Jeżeli czytaliście ów tekst to pewnie doskonale pamiętacie, że opisywana
wówczas gra stanowiła w zasadzie nieco okrojoną wersję Gremlins, Inc.
skierowaną wyłącznie do samotnego gracza, bowiem brakowało w niej trybu
wieloosobowego. Zatem pobierając na dysk pełną edycję Gremlins, Inc. miałem
pewne obawy co do tego, czy będę miał tutaj o czym pisać. Wszak miało to być to
samo, co ostatnio tyle, że z udziałem innych graczy.
Wówczas
na jaw wyszły pewne niezwykle interesujące fakty, bowiem okazało się, że
Gremlins vs. Automatons to produkt kompletnie zbędny, którego istnienie nie ma
najmniejszego celu. Według twórców miał to być sposób na doświadczenie
Gremlins, Inc. przez graczy stroniących od gry online, ale jak się okazuje,
Gremlins, Inc. wyposażone są już we wbudowany moduł singleplayer. Zakładam, że
pojawił się on jakiś czas po premierze Goblins vs. Automatons, ale twórcy z
jakiegoś powodu nie zdecydowali się na usunięcie zbędnej gry z listy.
Jest
to o tyle niezrozumiałe, że Goblins, Inc. to produkt pod każdym względem lepszy
od swojego offline’owego odpowiednika. Nie tylko ma on wszystko, co w założeniu
twórców gra powinna oferować, ale daje też poczucie obcowania z produkcją
stojącą o klasę wyżej. Gra zdecydowanie nabiera rumieńców w trybie
wieloosobowym, kiedy wiemy, że ta łysa menda, która właśnie nasłała na nas
fiskusa to żywy człowiek, a nie jakaś tam bezmózga sztuczna inteligencja.

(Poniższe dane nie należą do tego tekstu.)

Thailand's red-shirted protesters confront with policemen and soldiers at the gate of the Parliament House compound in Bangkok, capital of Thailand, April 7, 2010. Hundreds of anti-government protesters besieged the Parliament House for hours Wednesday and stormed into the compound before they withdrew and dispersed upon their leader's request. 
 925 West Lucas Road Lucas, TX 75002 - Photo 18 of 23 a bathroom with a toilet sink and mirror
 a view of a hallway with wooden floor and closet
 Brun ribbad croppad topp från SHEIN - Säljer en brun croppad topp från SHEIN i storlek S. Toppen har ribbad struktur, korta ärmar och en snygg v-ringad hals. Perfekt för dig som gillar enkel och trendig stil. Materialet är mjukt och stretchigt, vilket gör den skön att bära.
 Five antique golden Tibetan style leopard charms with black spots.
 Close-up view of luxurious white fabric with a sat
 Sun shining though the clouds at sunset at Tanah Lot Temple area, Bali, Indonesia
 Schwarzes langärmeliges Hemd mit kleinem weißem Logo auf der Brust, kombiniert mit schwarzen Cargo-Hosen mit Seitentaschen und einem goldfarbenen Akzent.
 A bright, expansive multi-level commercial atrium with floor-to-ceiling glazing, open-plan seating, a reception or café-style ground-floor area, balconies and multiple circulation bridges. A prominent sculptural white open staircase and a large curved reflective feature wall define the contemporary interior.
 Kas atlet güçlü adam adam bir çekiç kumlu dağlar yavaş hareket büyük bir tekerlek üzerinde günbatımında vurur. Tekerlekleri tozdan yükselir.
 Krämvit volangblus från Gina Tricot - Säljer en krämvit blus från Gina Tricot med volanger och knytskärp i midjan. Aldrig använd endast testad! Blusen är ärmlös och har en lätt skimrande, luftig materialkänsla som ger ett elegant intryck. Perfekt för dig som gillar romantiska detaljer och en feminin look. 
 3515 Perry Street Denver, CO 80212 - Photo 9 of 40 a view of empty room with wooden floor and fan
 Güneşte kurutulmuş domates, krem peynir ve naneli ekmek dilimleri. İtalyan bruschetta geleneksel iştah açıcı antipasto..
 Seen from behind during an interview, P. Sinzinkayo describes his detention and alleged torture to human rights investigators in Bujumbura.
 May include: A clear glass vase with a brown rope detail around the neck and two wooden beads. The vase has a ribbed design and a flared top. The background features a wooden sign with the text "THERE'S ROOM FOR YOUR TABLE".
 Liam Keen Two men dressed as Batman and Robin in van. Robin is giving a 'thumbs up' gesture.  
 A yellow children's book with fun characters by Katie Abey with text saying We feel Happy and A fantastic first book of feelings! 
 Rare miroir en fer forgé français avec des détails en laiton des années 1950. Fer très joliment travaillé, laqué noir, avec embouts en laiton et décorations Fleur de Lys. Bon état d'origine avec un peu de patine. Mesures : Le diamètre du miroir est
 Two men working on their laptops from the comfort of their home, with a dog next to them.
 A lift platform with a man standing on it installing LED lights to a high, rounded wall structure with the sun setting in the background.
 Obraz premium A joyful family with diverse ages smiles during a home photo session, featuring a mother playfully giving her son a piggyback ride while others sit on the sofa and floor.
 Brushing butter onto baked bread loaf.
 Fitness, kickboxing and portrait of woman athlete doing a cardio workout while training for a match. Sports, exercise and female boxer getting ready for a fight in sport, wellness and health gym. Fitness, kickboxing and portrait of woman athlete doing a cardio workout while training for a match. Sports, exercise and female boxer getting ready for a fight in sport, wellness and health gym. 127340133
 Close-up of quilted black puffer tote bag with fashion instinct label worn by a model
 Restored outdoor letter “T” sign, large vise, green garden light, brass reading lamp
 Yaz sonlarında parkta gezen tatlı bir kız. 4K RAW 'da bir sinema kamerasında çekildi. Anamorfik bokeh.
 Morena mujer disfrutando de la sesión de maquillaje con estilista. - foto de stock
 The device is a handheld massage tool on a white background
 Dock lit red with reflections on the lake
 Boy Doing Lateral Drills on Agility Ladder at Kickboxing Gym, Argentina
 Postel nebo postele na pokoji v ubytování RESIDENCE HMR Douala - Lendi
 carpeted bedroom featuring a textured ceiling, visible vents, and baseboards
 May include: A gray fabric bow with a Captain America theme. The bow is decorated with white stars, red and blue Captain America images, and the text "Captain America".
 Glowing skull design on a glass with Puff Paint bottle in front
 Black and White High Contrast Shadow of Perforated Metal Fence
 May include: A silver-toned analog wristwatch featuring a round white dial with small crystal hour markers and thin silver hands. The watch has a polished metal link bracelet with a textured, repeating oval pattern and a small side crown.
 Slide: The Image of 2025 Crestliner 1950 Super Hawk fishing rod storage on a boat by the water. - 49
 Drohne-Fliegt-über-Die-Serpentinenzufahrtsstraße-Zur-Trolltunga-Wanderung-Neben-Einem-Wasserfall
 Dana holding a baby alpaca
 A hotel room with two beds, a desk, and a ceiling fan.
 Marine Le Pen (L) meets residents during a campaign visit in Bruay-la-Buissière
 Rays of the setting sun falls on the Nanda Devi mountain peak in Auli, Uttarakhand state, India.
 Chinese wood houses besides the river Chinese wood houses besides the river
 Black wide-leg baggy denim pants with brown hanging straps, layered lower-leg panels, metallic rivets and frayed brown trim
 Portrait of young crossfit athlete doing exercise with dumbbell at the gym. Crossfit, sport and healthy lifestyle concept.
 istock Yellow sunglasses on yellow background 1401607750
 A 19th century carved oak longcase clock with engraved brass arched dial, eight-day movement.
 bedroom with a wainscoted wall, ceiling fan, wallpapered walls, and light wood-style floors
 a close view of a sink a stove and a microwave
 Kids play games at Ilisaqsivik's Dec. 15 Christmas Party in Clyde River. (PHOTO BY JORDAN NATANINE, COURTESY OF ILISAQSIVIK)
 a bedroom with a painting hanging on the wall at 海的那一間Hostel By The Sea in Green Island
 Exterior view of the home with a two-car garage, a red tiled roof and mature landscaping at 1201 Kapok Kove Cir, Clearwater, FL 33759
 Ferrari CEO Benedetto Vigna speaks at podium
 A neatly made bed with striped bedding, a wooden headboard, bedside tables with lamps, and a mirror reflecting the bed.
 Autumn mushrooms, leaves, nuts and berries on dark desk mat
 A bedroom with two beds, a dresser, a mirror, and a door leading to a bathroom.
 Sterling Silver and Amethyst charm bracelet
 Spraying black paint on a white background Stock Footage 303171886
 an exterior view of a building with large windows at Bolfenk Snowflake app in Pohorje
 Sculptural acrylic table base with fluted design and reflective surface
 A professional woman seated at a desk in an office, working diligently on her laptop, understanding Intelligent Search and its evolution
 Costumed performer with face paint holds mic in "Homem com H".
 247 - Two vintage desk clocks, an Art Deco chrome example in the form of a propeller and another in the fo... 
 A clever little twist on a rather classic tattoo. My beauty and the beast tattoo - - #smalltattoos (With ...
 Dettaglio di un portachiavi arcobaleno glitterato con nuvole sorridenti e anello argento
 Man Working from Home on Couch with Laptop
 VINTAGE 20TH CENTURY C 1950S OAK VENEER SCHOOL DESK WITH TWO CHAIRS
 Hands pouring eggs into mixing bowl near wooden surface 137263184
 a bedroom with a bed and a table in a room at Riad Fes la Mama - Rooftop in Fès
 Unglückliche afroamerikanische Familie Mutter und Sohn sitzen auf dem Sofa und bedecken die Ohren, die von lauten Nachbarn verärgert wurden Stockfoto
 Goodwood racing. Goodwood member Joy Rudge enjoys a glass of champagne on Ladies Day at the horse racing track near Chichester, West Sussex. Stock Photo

Fantastyczne wrażenie robi też wpadającą w klimaty electro swingu muzyka,
której posłuchać da się niestety wyłącznie w menu głównym gry. Wielka szkoda,
bo nie dość, że nadaje ona całości specyficznego klimatu to umilałaby też
przydługie niekiedy partie.
W
skrócie, nie sięgajcie po Gremlins vs. Automatons. Nie warto. Tytuł ten nie
zaoferuje Wam nic czego nie zaoferowałby Gremlins, Inc., które skrywa w sobie
przecież o wiele więcej atrakcji.
Arrog (PC)
Gatunek:
Logiczna
Developer: LEAP
Game Studios i Hermanos Magia
Rok
wydania: 2020r.
Dostępna
tylko na PC
Worek niezależnych gier artystycznych
to worek pełen rozmaitości i należy rozumieć to zarówno jako komplement, jak i
krytykę. Możliwe jest natrafienie na absolutne perełki pokroju To The Moon czy
Braida, ale niestety dużo łatwiej jest się naciąć na nie do końca przemyślany
tytuł młodego, nieco pretensjonalnego twórcy. Arrog na całe szczęście należy do
tej pierwszej grupy gier, stanowiąc swego rodzaju poemat traktujący o cyklu
życia oraz przemijaniu. Być może brzmi to odrobinę jak temat lekcji języka
polskiego w szkole, więc pozwolę sobie dodać, że akurat LEAP Game Studios
byliby w tym porównaniu tym nauczycielem, który potrafi porwać uczniów.
Choć
Arrog można by opisać jako bardzo prostą grę logiczną, nie zamierzam tego
robić, bo wyrządziłbym temu tytułowi olbrzymią krzywdę. Arrog to bowiem przede
wszystkim wirtualne przeżycie zachęcające nas do zatrzymania się na moment i
zastanowienia się nad zależnościami zachodzącymi w świecie przyrody. Zawarte w
grze zagadki służą raczej jako sposób na zaangażowanie gracza w opowieść,
aniżeli faktycznie wyzwanie. Zazwyczaj sprowadzają się one do zaznaczenia
obiektów w odpowiedniej kolejności lub ułożenia prostego kształtu. Byłby to
olbrzymi minus, gdyby Arrog faktycznie aspirowało do miana gry logiczne, ale
nie przeszkadza to w zupełności, bo, jak już wspominałem, Arrog to zachęcający
do przemyśleń i zachwycający wizualiami wirtualny poemat.
Potatoman
Seeks the Troof (PC)
Gatunek:
Platformówka
Developer:
PixelJAM Games
Rok
wydania: 2014r.
Dostępna
tylko na PC
Byłem święcie przekonany, że historia Ziemnioludka
poszukującego najprawdy okaże się być doświadczeniem wymagającym jak
najszybszego zapomnienia. Umówmy się, już sam tytuł nie brzmi zachęcająco, a
sytuacji Potatomana nie poprawiają zdjęcia przedstawiające rozgrywkę
przywodzące na myśl początki gier ze NESa (czy też Pegasusa, jak kto woli).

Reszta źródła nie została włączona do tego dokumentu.